**PROVIDED DATA:**
■ ■ ■ ■ ■

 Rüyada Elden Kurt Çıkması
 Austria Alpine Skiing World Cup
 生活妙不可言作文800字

■ ■ ■ ■ ■

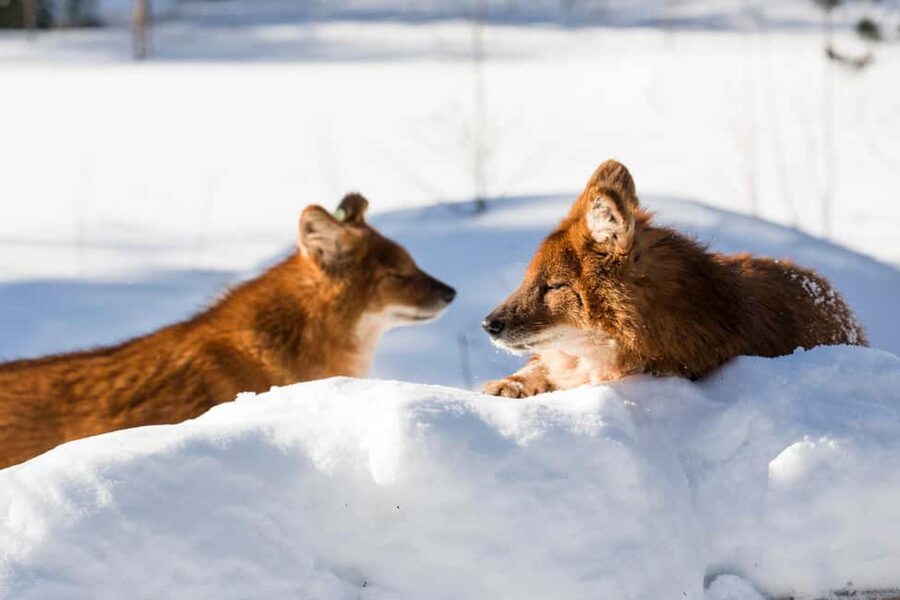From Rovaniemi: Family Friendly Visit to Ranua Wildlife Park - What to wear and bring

■ ■ ■ ■ ■

Of the lines above, retype only those from the line containing "Rüyada Elden Kurt Çıkması" through the line containing "生活妙不可言作文800字", including both, exactly.

 Rüyada Elden Kurt Çıkması
 Austria Alpine Skiing World Cup
 生活妙不可言作文800字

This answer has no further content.